Modifying/accessing weights and gradients outside of PyTorch

danelliottster · May 5, 2017, 2:51pm

Hello,

I am trying a new algorithm that I have implemented outside of PyTorch. Is this a legit way to copy out and copy in PyTorch model parameters or am I causing problems under the hood?

My code assumes that modules/parameters returned from named_children() and parameters() methods always return those items in the same order.

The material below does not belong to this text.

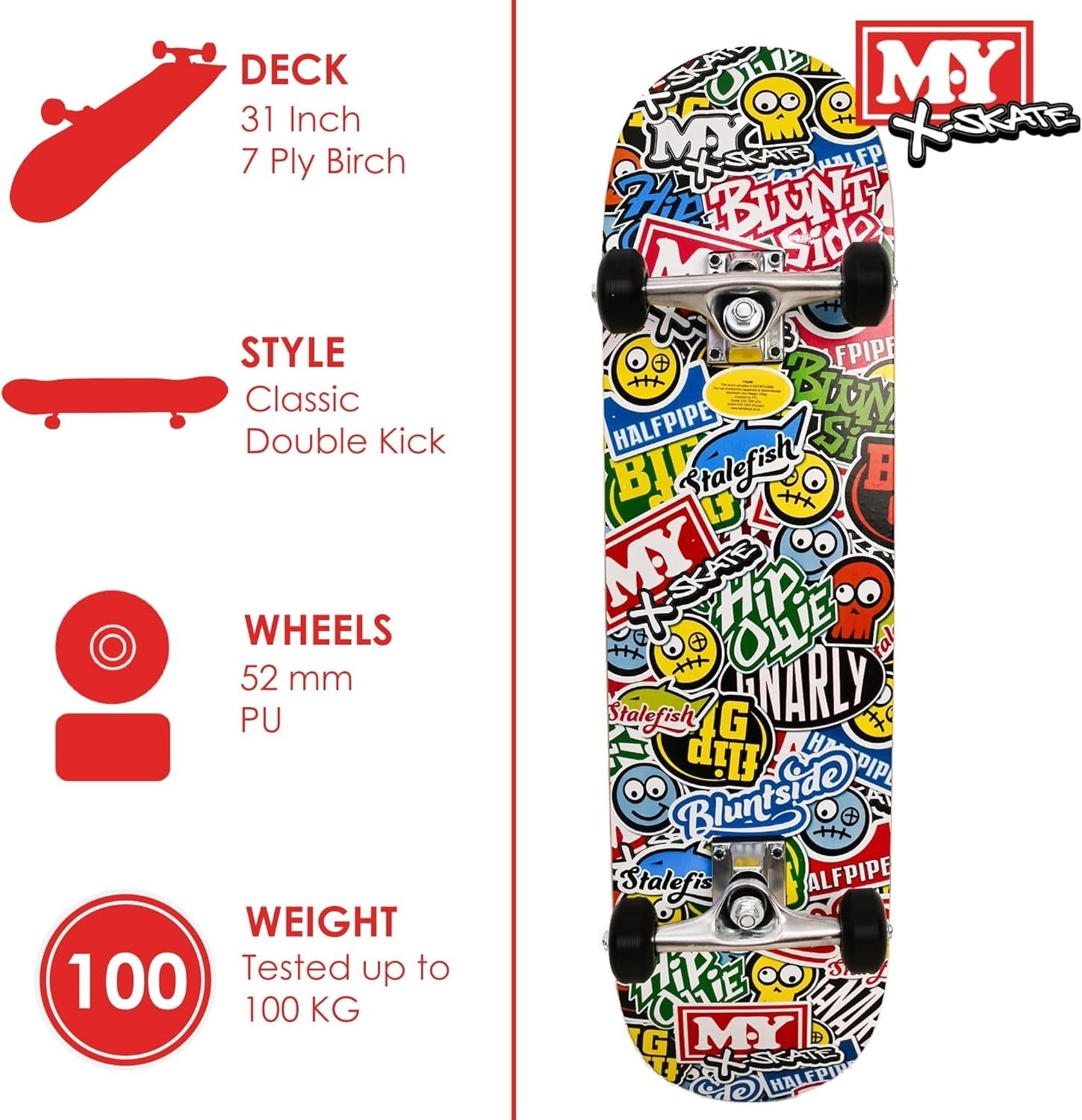 31" Beginner Skateboard Double Kick 7 Ply Maple Deck ABEC-7 Kids Teens Adults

Pack into a numpy vector doing something like:

Qmods = [mod for name,mod in self.named_children() if name in self.Qlayers]
for mod in Qmods:
    Qparams += [parm for parm in mod.parameters()]
    Ws = np.hstack([np.ravel(netp.data.numpy()) for netp in Qparams])
return Ws

Do stuff to Ws

Unpack from numpy vector doing something like:

for qmod in [mod for name,mod in self.named_children() if name in self.Qlayers]:
        for netp in qmod.parameters():
            stopIdx = startIdx + np.prod(netp.data.size())
            netp.data.copy_(Tensor(np.reshape(Ws[startIdx:stopIdx],netp.data.size())))
            startIdx = stopIdx

I also do something similar to grab gradients from the network which are used to update Ws outside of PyTorch. I realize this may be inefficient. Just want to make sure I am not breaking PyTorch in some way by accessing/overwriting network weights and gradients in this way.

Thank you, very much, for your guidance.

smth · May 5, 2017, 3:55pm

accessing the weights / gradients should be fine this way.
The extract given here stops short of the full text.